Das war auch die Motivation hinter der Initiative Circular Circuit, die im Rahmen der Messe Neonyt in Düsseldorf erstmals einen mehrtägigen Workshop und Austausch zwischen Unternehmen aller Sektoren beider Länder organisiert hat. FashionUnited hat mit den Gründer:innen von Circular Circuit, Rosan Van Boven aus den Niederlanden und Nils Bader aus Deutschland, darüber gesprochen, welche Erkenntnisse sie aus dem Event gezogen haben.
Übrigens: In Zukunft wird es weitere Veranstaltungen von Circular Circuit und auch Kooperationen mit anderen Ländern geben.
Sie haben einen dreitägigen Workshop zum Thema Kreislaufwirtschaft im Zeichen der Green New Deal Regularien durchgeführt. Das Spannende: Es ging um den Austausch zwischen Unternehmen aus den Niederlanden und Deutschland. Wie war das Event?
Nils Bader: Es war unglaublich. Vielleicht ist es zuerst gut zu wissen, dass das Event nicht der Anfang war. Wir haben im Vorfeld über 200 Interviews in allen Sektoren, über die wir beim Thema Kreislaufwirtschaft immer sprechen, durchgeführt. Von Designer:innen, über Marken, Retail, Fulfillment, Materialherstellern bis hin zu den Recycler:innen. Und bei jedem Interview ging es für uns darum, Input zu sammeln, den wir in die Gruppe der 30 Menschen in Düsseldorf einbringen konnten. Es war also ein langer Weg dorthin.
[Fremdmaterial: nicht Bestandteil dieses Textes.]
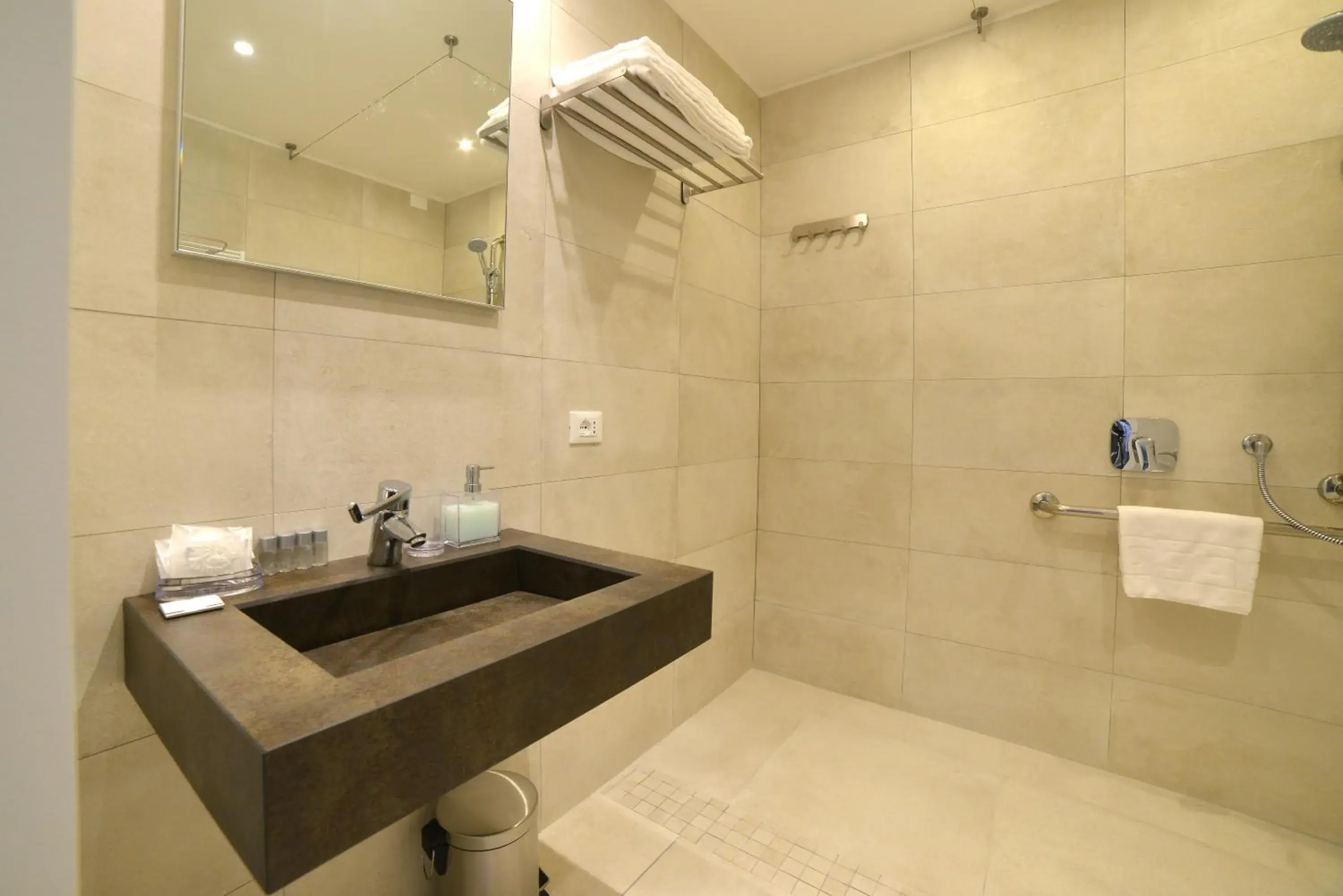Bathroom in Hotel Villa MIKI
Das Event selbst bestand dann aus drei Komponenten: Den 'Round Table Workshops' am Freitagnachmittag, wo auch besprochen wurde, wie in Zukunft (zusammen-)gearbeitet werden kann. Am Samstag gab es dann das Matchmaking rund um unsere Ausstellung und der dritte Teil war die Präsentationen von Best-Practices.
Wie kam es dazu, diese Veranstaltung zu starten?
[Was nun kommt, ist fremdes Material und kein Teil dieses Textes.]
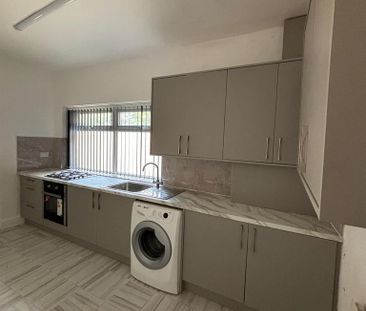 4 bedroom terraced house to rent - Photo 2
Rosan van Boven: Diese Veranstaltung wurde vom niederländischen Fashion- und Textilverband Modint und der niederländischen Regierung finanziert, und von dort kam auch die Anregung, die Niederlande und Deutschland zusammenzubringen, da wir Nachbarn sind und vielleicht voneinander lernen können. So haben wir angefangen.
Welche Firmen waren beispielsweise dabei?
Nils Bader: Wir hatten große Firmen dabei wie beispielsweise Brax und Hama, die Recyclingfirma I-did oder den Etikettenspezialist EE Labels aus den Niederlanden, den Avocadostore, und junge Start-ups wie Turns, Floria Collective. Wir wollten bewusst ein Szenario schaffen, wo alle miteinander ins Gespräch kommen, Fragen stellten und Tipps geben können.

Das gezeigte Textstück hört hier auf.